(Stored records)
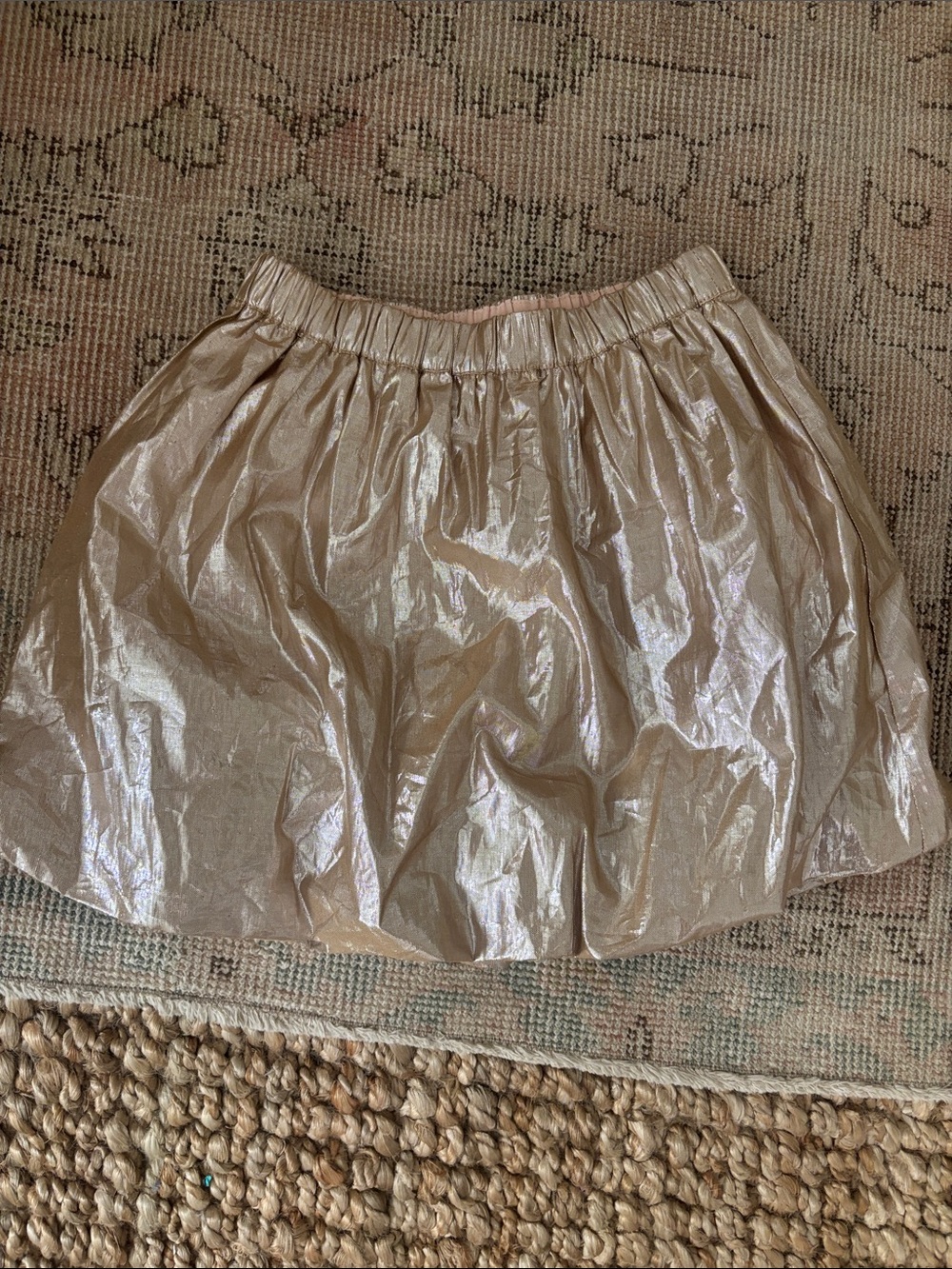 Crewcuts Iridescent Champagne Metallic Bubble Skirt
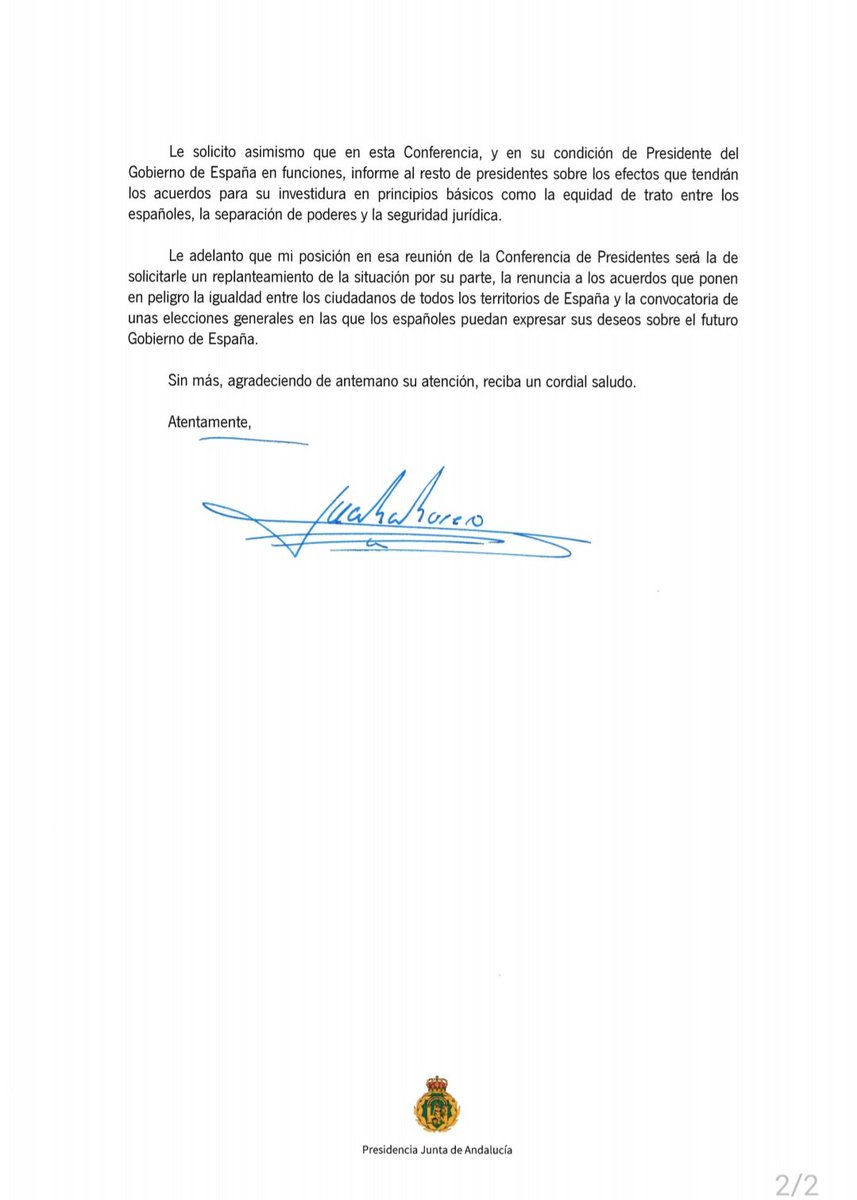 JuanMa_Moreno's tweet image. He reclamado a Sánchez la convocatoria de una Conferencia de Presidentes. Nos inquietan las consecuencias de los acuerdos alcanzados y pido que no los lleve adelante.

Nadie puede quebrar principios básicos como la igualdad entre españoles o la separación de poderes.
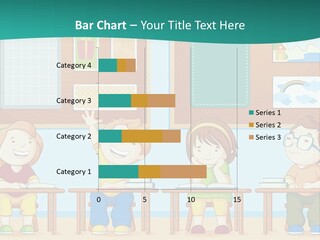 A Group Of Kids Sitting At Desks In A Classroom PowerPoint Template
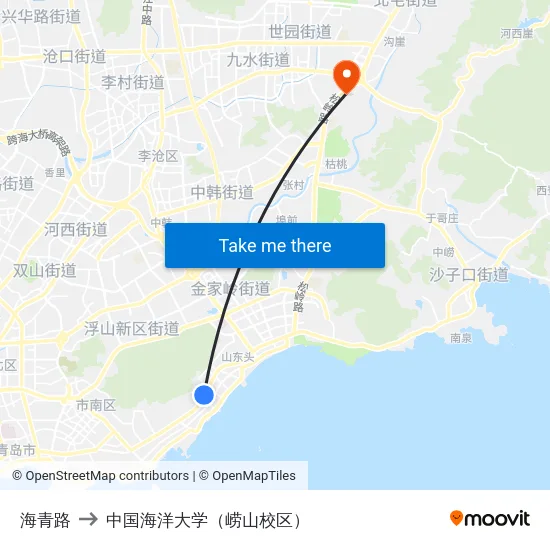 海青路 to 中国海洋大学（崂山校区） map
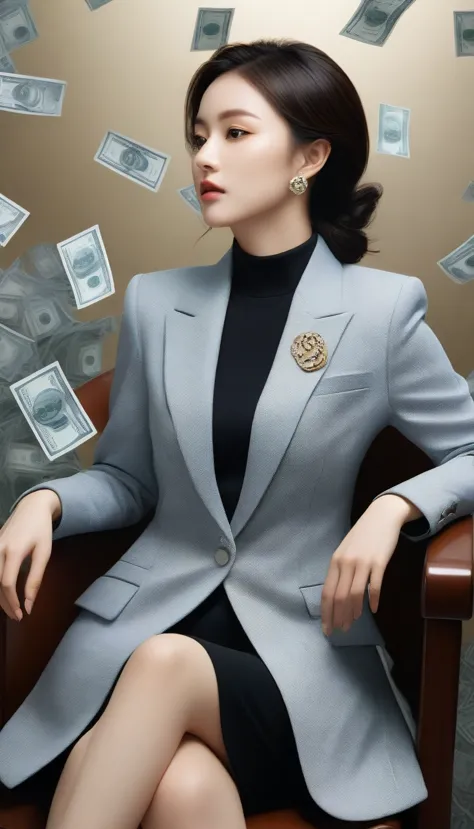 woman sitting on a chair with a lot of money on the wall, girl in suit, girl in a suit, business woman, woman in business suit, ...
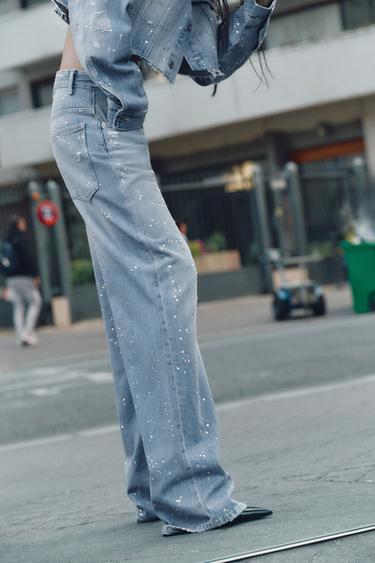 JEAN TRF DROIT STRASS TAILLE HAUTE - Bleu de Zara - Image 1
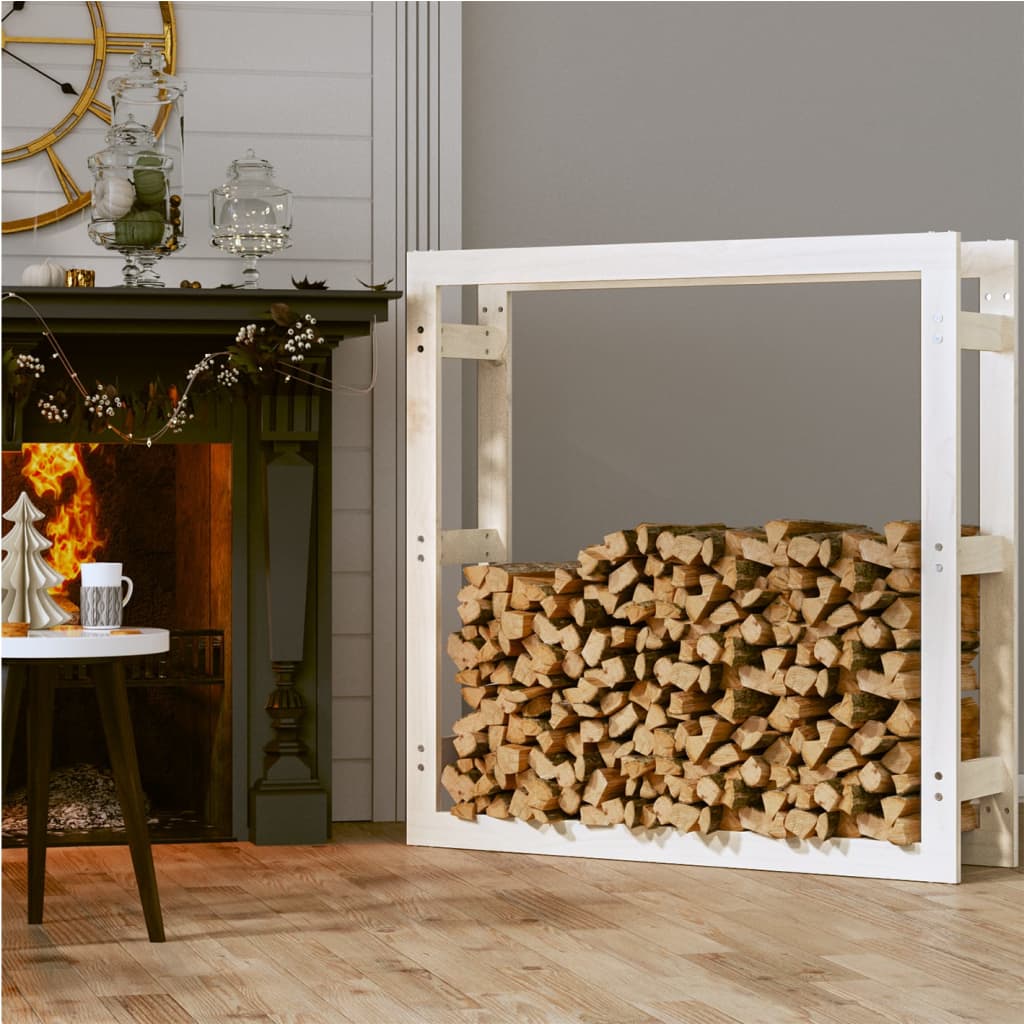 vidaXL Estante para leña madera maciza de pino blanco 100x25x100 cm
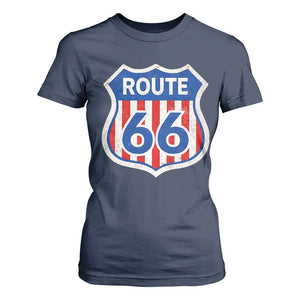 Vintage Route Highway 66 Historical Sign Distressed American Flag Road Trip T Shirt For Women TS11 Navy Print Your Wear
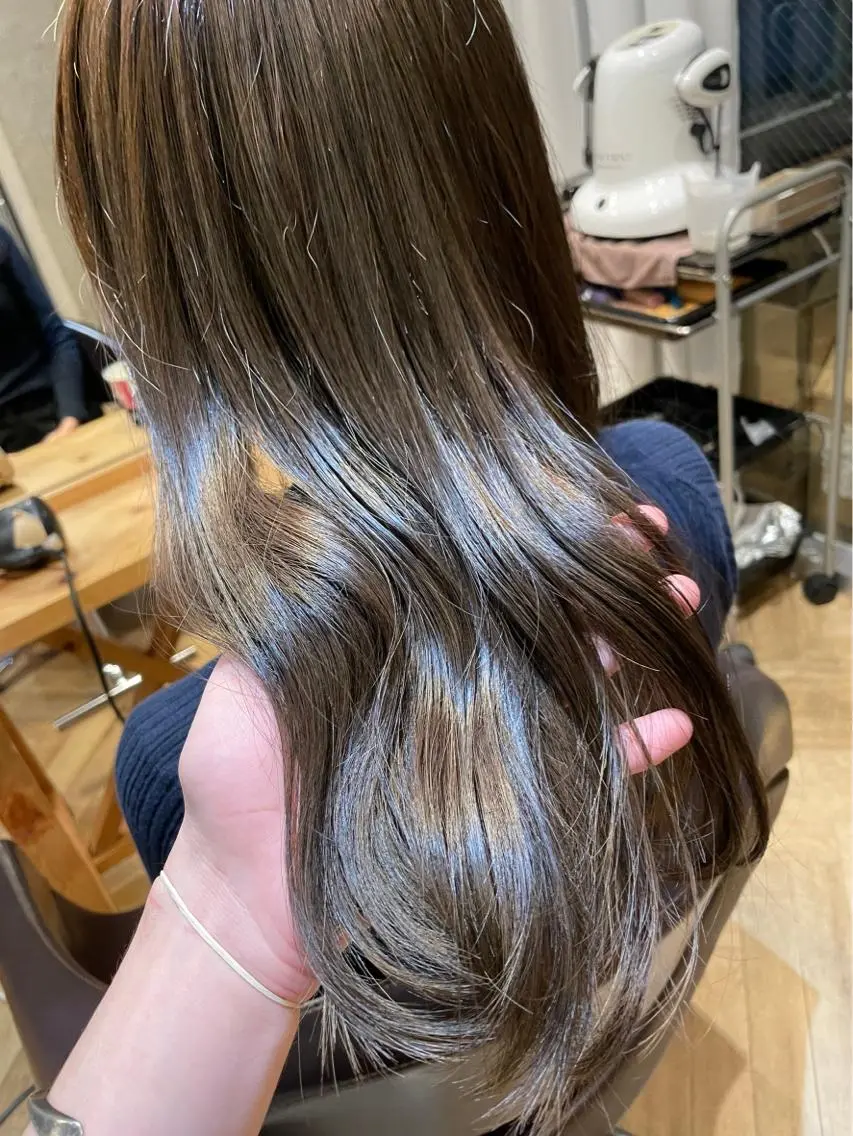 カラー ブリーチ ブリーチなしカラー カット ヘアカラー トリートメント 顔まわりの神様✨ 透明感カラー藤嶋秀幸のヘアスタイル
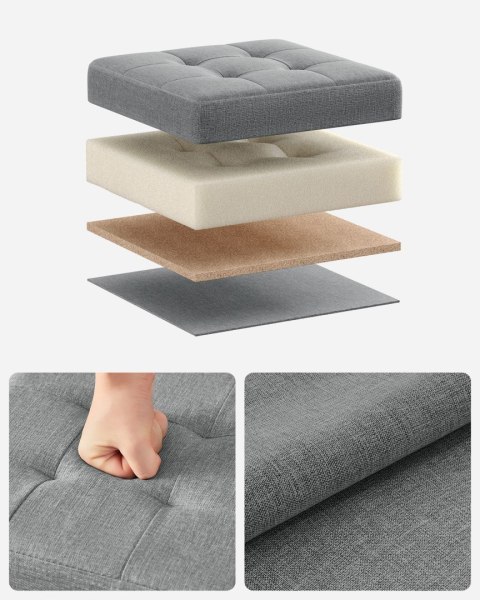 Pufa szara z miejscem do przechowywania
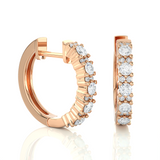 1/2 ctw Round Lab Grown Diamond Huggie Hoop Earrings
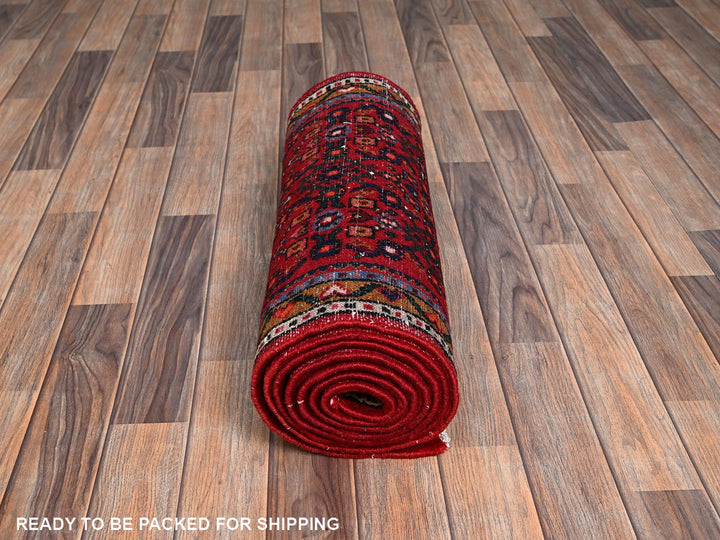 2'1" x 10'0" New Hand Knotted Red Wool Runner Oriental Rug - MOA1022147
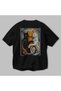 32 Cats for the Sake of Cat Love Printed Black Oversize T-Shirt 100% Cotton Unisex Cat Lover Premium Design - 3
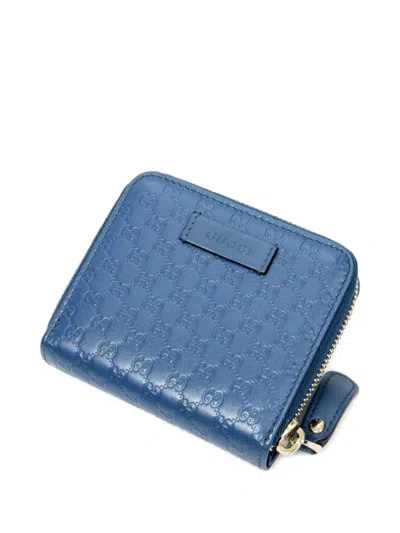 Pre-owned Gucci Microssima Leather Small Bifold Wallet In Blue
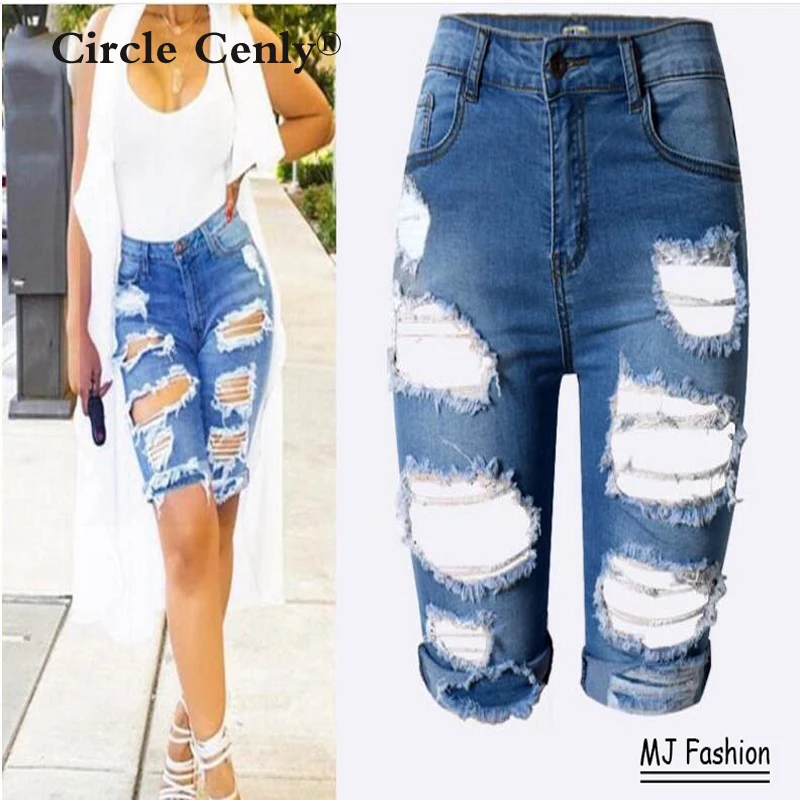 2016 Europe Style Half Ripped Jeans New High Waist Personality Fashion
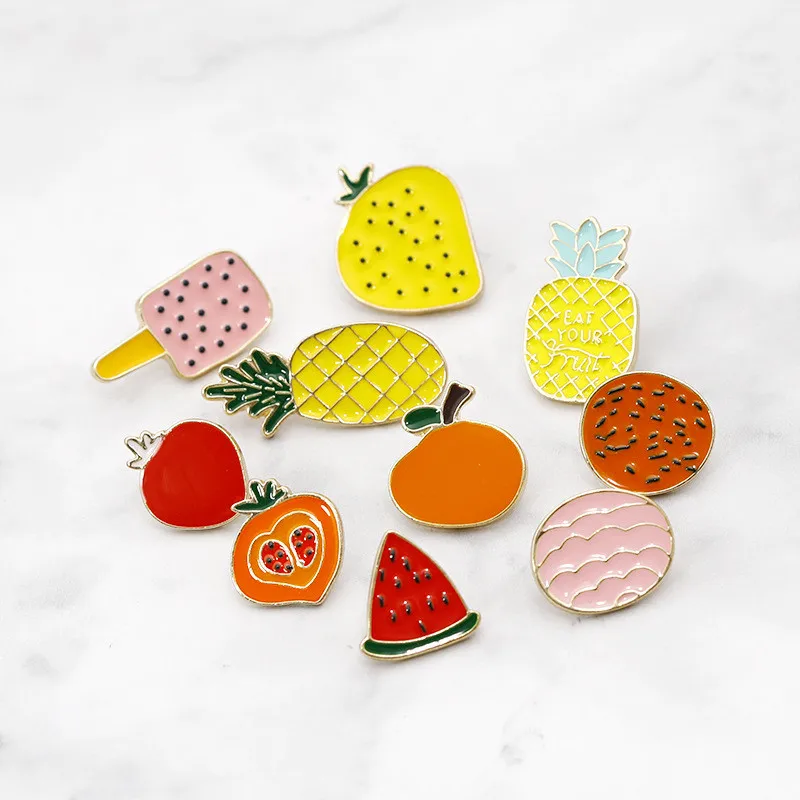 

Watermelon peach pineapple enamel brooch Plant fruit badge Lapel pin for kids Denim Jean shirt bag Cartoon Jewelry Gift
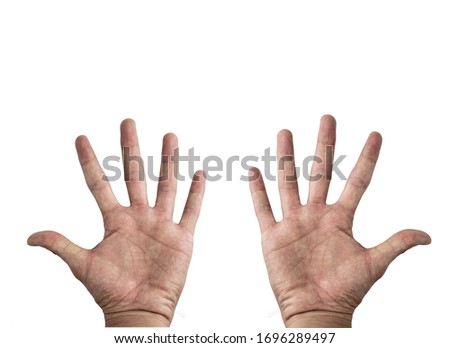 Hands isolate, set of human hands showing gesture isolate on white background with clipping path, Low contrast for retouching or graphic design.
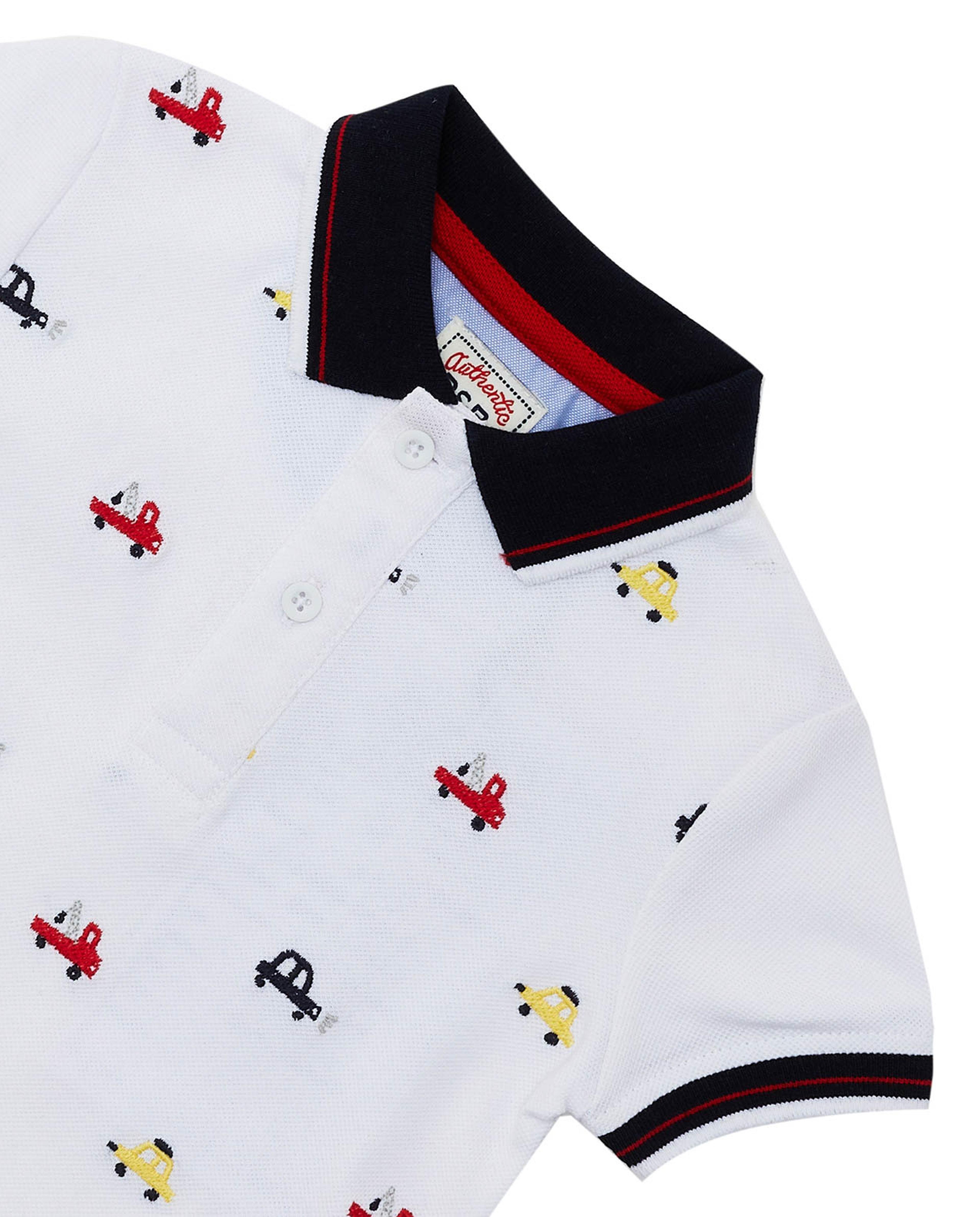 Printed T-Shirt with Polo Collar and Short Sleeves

Required action -> Which part of the entries opens with the line containing "woman sitting on" and closes with the line containing "Pufa szara z miejscem do przechowywania"? Output that part exactly, ends included, pictures excluded.

Output for this exercise ->
 woman sitting on a chair with a lot of money on the wall, girl in suit, girl in a suit, business woman, woman in business suit, ...
 JEAN TRF DROIT STRASS TAILLE HAUTE - Bleu de Zara - Image 1
 vidaXL Estante para leña madera maciza de pino blanco 100x25x100 cm
 Vintage Route Highway 66 Historical Sign Distressed American Flag Road Trip T Shirt For Women TS11 Navy Print Your Wear
 カラー ブリーチ ブリーチなしカラー カット ヘアカラー トリートメント 顔まわりの神様✨ 透明感カラー藤嶋秀幸のヘアスタイル
 Pufa szara z miejscem do przechowywania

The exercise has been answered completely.